Window on Eurasia: Moscow Already Has More than 100 Mosques, Silantyev Says

Paul Goble

Staunton, October 28 – Roman Silantyev, a specialist on Islam in the Russian Federation with close ties to the Russian Orthodox Church, says there are currently six major mosques and “about 100 smaller” ones in Moscow, a statement which will only exacerbate the fight over whether officials in the Russian capital should approve building additional Muslim facilities.
Silantyev, who is notorious among Muslims for his sharp attacks on the leaders of Islam in Russia and who most recently attracted attention with an interview in which he said that there were far fewer Muslims in the Russian Federation than Muslim leaders claim, is injecting himself into the fight over new mosques.

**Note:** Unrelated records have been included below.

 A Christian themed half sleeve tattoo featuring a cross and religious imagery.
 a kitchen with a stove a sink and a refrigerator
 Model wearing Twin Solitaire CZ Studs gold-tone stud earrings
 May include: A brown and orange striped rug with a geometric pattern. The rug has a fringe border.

In an interview published today in Moscow’s “Trud-7,” Silantyev says that “at present there are about 500,000 Muslims” in Moscow. Many Russian officials and Muslim leaders have suggested far higher numbers, ranging up to 2.5 million, but Silantyev dismisses such numbers (www.trud.ru/article/28-10-2010/253119_moskva_minaretam_ne_verit.html).

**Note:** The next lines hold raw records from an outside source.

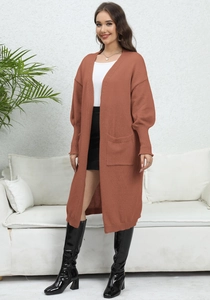 Close-up of rust red knit cardigan featuring oversized side pockets and lantern sleeves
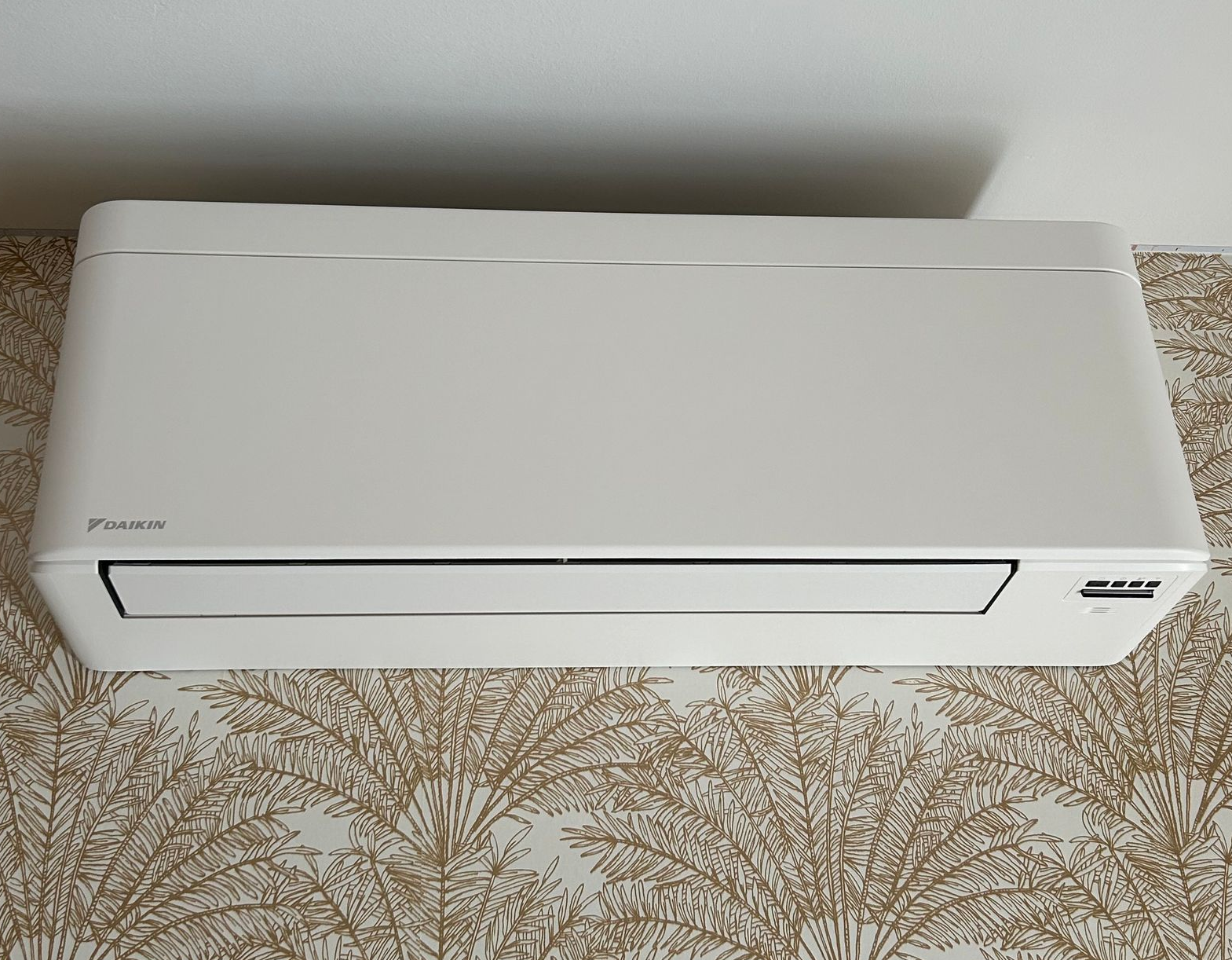 Climatiseur Daikin blanc sur papier peint à motifs.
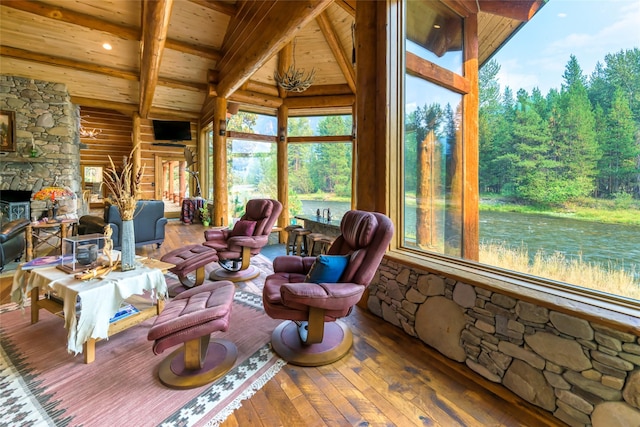 6900 Nez Perce Rd, Darby, MT 59829 - living area with wooden ceiling with exposed beams, wood-type flooring, high vaulted ceiling, and a stone fireplace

It is not clear from his remarks whether Silantyev is referring to Muslim believers or “ethnic” Muslims, the latter term including all those who are members of traditionally Muslim nationalities. If the latter, his estimate is too small. And in this connection, it is worth noting that Silantyev, like most Russian Orthodox, counts all ethnic Russians as Orthodox Christians.
But however that may be, the specialist says that Moscow’s Muslims currently have the use of “six major mosques and about 100 small ones.” The six include the four that existed from Soviet times, and two that have been built in recent years. The 100 smaller ones he refers to presumably include prayer rooms without any official registration.

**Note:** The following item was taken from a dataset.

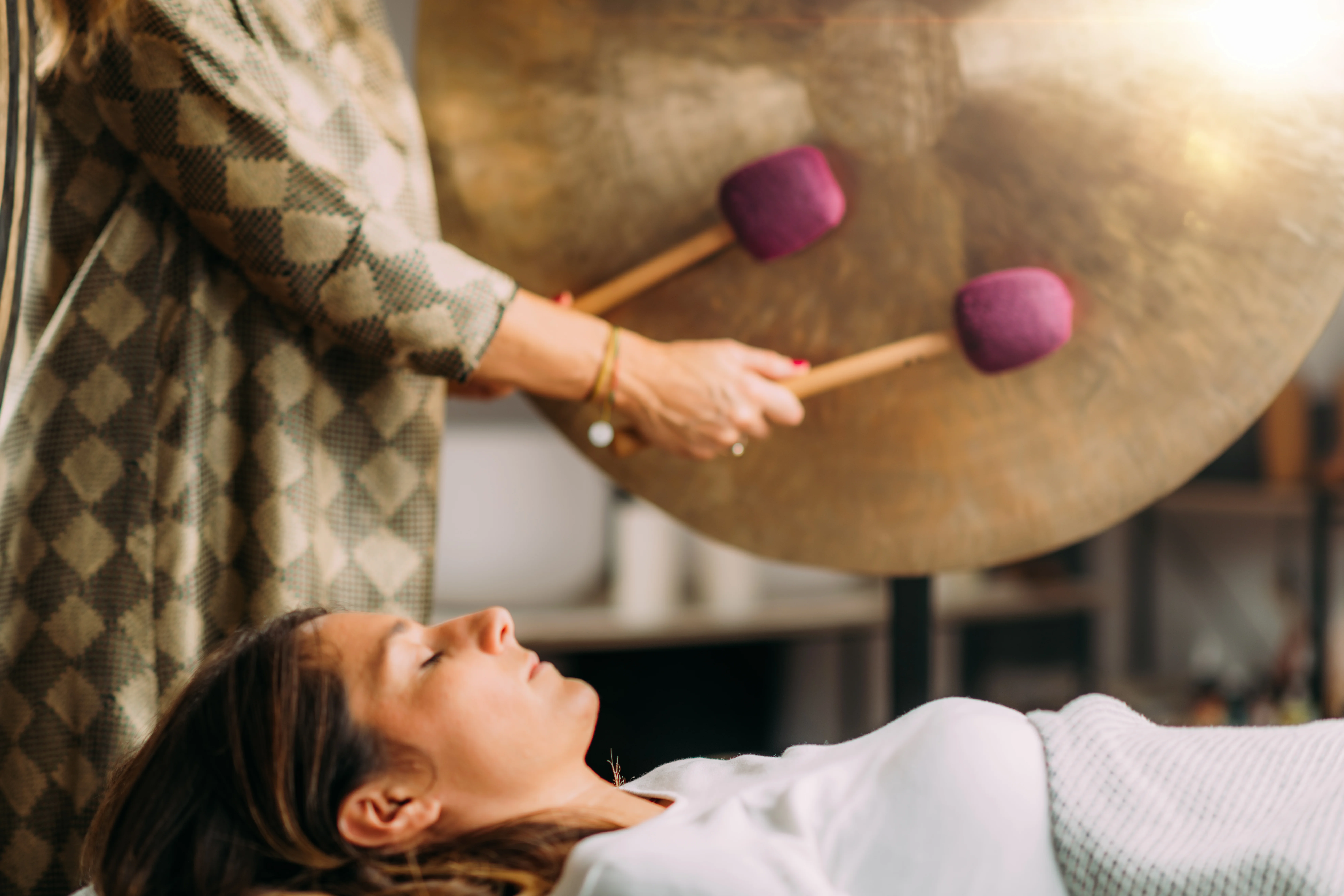 gong in sound bath therapy - The Science of Sound: How a Sound Healing Session Resets Your Nervous System - Ciao Bella Islamorada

Counting such prayer rooms as mosques is at the very least a stretch. These temporary facilities recall the kind of “underground” mosques that existed in Soviet times when believers held prayers in private apartments and houses when there was no mosque available. What is striking is that Silantyev is reintroducing this Soviet-era measure now.
Moreover, the Orthodox specialist on Islam continues, Muslims have had opportunities to build more but haven’t taken advantage of them. Former Mayor Yuri Luzhkov offered them eight [additional] pieces of land during his tenure – Muslims have sometimes spoken of 11 such offers, Silantyev says, “but over the last 14 years, nothing was built on these parcels.”
Whether new Mayor Sergey Sobyanin will change that is very much an open question, Silantyev says. On the one hand, he has expressed his support for building more religious facilities, but as the specialist says, the new man in charge could hardly do otherwise. But on the other, in the near future, the situation for Muslims with regard to facilities may get “still worse.”
That is because, Silantyev says, there is mounting public opposition to the construction of mosques, opposition that is fueled by anti-immigrant sentiments and that is encouraged by opposition in Western Europe and the United States to the construction of mosques any new mosques there.
And it is also because, he points out, the Muslim leadership lacks the funds to pay for the reconstruction of the major mosque on Prospekt Mira. Rebuilding that facility would cost as much as a half billion US dollars, and that is an amount that the Russian Muslim community cannot hope to raise on its own. As a result, reconstruction may in this case mean closure.
According to Silantyev, “the question of the construction of mosques can be resolved without scandals,” arguing that “it would be logical to construct a major mosque not alongside apartment buildings but for example next to the [capital’s] Muslim cemetery which is located in a convenient place.”
Such a location would be less offensive to others, Silantyev suggests, but he ignores the reality that this would treat Muslims very much as second class citizens because his own church leadership has called for the construction of Russian Orthodox churches within walking distance of every Orthodox Muscovite.
Silantyev’s interview is contained within a larger article by “Trud” journalist Dmitry Ivanov who not only describes the growing tensions between ethnic Russian residents of Tekstilshchiki who oppose building a mosque there and Muslim leaders who say any failure to do so will provoke an explosion of Muslim anger.
The Russian opponents of building a mosque there have launched a website, www.mecheti.net, and collected more than 6500 signatures on an appeal to Russian leaders not to allow a mosque to be put up where they could not erect a church and where its construction would deprive them of a public park.
Muslim supporters of a mosque in that Moscow neighborhood also have had held demonstrations and circulated a petition backing the idea, and they have expressed hope that the new Moscow mayor will back them not only as a matter of policy but because of his experience in Tyumen, where Muslim groups are now quite active.
But some Muslim leaders are skeptical that Sobyanin will support the construction of that mosque or any other. Geydar Dzhemal, the president of the Russian Islamic Committee, for example, says that he doesn’t think that the new mayor will agree to the construction of any new mosques.
What he does expect, Dzhemal told “Trud,” is that there will be “a growth in the activity of nationalist organizations” and an increase in “inter-ethnic clashes and in the general tension of society,” something he suggested will contribute to “a process of destabilization [of the Russian capital] from below.”